## Exercise aim
Could you return, exactly as written, only the lines from the one holding "Used 2023 Chevrolet" through the final line of the records below?

(Short descriptive text snippets)

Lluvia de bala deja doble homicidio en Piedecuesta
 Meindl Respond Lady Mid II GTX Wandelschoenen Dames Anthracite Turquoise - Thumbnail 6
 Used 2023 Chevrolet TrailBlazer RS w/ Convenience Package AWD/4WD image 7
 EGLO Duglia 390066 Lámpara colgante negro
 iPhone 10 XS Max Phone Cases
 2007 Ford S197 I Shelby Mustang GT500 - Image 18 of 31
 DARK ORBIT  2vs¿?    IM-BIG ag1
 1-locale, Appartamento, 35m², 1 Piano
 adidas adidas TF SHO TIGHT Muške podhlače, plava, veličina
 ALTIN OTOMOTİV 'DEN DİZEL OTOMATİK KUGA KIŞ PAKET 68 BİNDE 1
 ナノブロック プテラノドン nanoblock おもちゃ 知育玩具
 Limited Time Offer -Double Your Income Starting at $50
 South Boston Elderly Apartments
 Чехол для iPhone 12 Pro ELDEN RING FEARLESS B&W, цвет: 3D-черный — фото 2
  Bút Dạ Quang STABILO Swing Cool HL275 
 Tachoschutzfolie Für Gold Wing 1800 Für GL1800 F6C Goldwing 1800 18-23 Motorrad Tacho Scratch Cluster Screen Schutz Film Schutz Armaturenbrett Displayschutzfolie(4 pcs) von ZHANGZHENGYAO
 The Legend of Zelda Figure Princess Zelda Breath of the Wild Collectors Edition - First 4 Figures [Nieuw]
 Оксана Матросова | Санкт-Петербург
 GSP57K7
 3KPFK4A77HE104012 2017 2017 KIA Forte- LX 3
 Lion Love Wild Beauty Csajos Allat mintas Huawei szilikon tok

## Solved problem
 Used 2023 Chevrolet TrailBlazer RS w/ Convenience Package AWD/4WD image 7
 EGLO Duglia 390066 Lámpara colgante negro
 iPhone 10 XS Max Phone Cases
 2007 Ford S197 I Shelby Mustang GT500 - Image 18 of 31
 DARK ORBIT  2vs¿?    IM-BIG ag1
 1-locale, Appartamento, 35m², 1 Piano
 adidas adidas TF SHO TIGHT Muške podhlače, plava, veličina
 ALTIN OTOMOTİV 'DEN DİZEL OTOMATİK KUGA KIŞ PAKET 68 BİNDE 1
 ナノブロック プテラノドン nanoblock おもちゃ 知育玩具
 Limited Time Offer -Double Your Income Starting at $50
 South Boston Elderly Apartments
 Чехол для iPhone 12 Pro ELDEN RING FEARLESS B&W, цвет: 3D-черный — фото 2
  Bút Dạ Quang STABILO Swing Cool HL275 
 Tachoschutzfolie Für Gold Wing 1800 Für GL1800 F6C Goldwing 1800 18-23 Motorrad Tacho Scratch Cluster Screen Schutz Film Schutz Armaturenbrett Displayschutzfolie(4 pcs) von ZHANGZHENGYAO
 The Legend of Zelda Figure Princess Zelda Breath of the Wild Collectors Edition - First 4 Figures [Nieuw]
 Оксана Матросова | Санкт-Петербург
 GSP57K7
 3KPFK4A77HE104012 2017 2017 KIA Forte- LX 3
 Lion Love Wild Beauty Csajos Allat mintas Huawei szilikon tok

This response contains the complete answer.